» Task to complete
Only an exact copy is wanted: the lines from the one holding "Black nonnatus house" through the last line below, minus the pictures.

» Extracted records
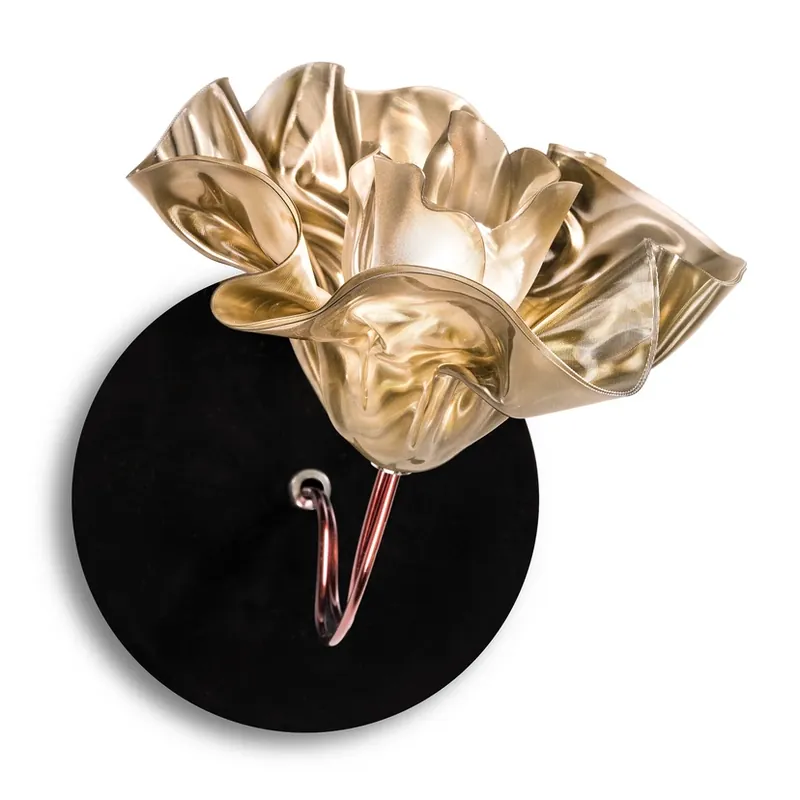 Popular Lafleur Aplică de Perete Black/Golden - Slamp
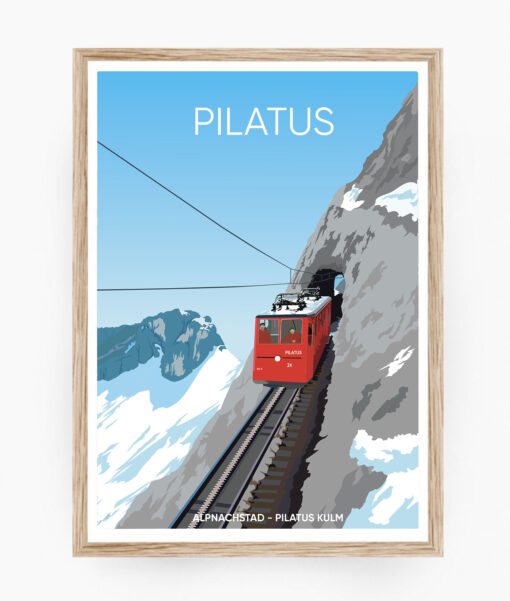 Affiche/Poster du Pilatus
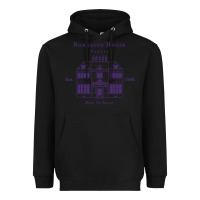 Black nonnatus house  blue ink Heavyweight Hoodie - linhVisuals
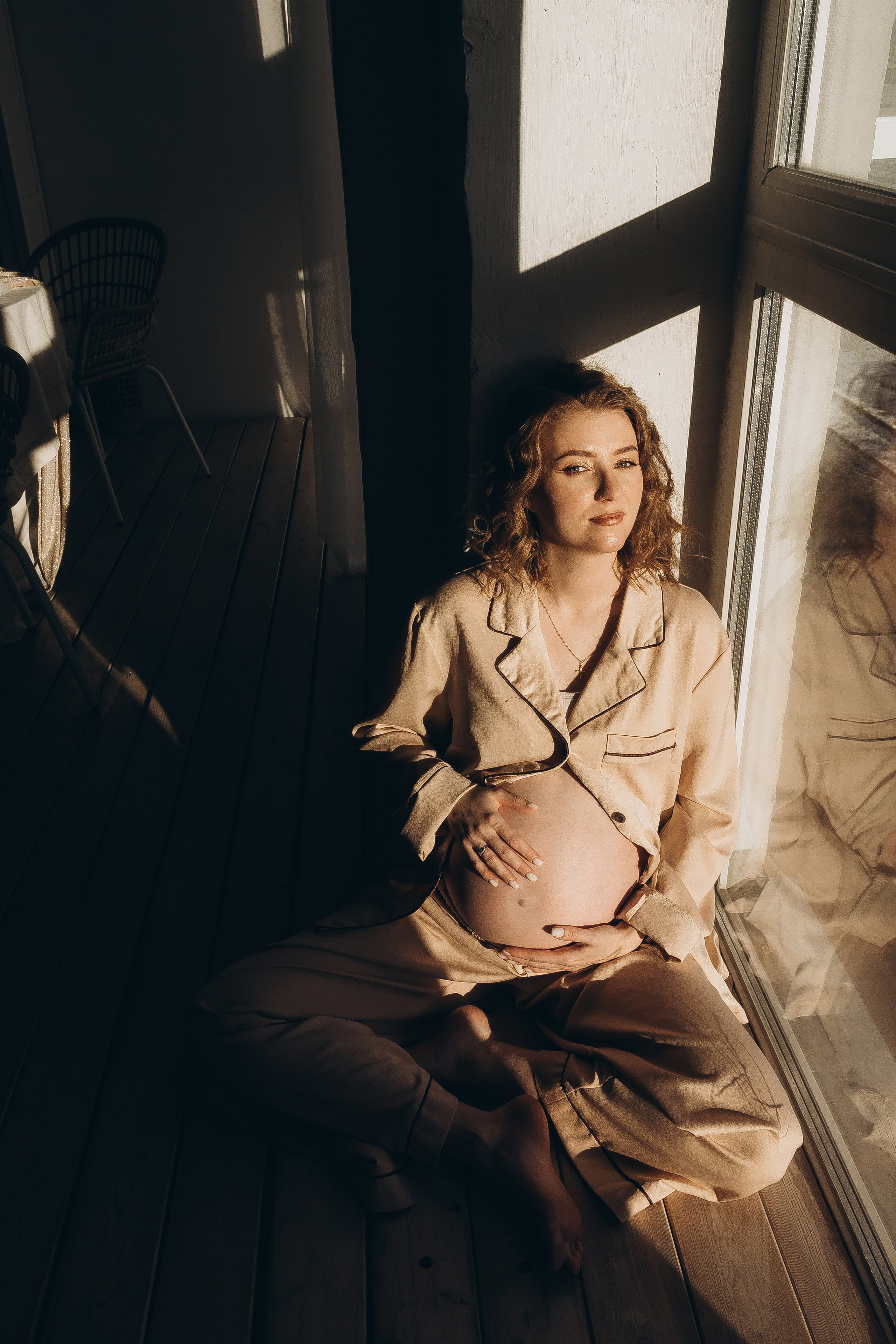 Беременная съемка. Фотограф в Красноярске Любовь Малеева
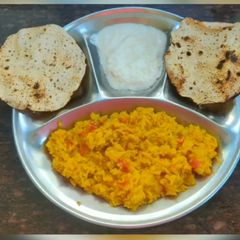 Vaghareli Khichdi A picture of Vaghareli Khichdi.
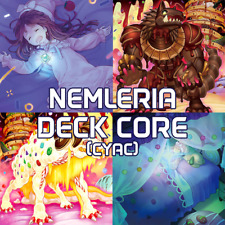 Nemleria Deck Core 15 Card Bundle CYAC-EN015 1st Edition YuGiOh Cards picture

» Response
 Black nonnatus house  blue ink Heavyweight Hoodie - linhVisuals
 Беременная съемка. Фотограф в Красноярске Любовь Малеева
 Vaghareli Khichdi A picture of Vaghareli Khichdi.
 Nemleria Deck Core 15 Card Bundle CYAC-EN015 1st Edition YuGiOh Cards picture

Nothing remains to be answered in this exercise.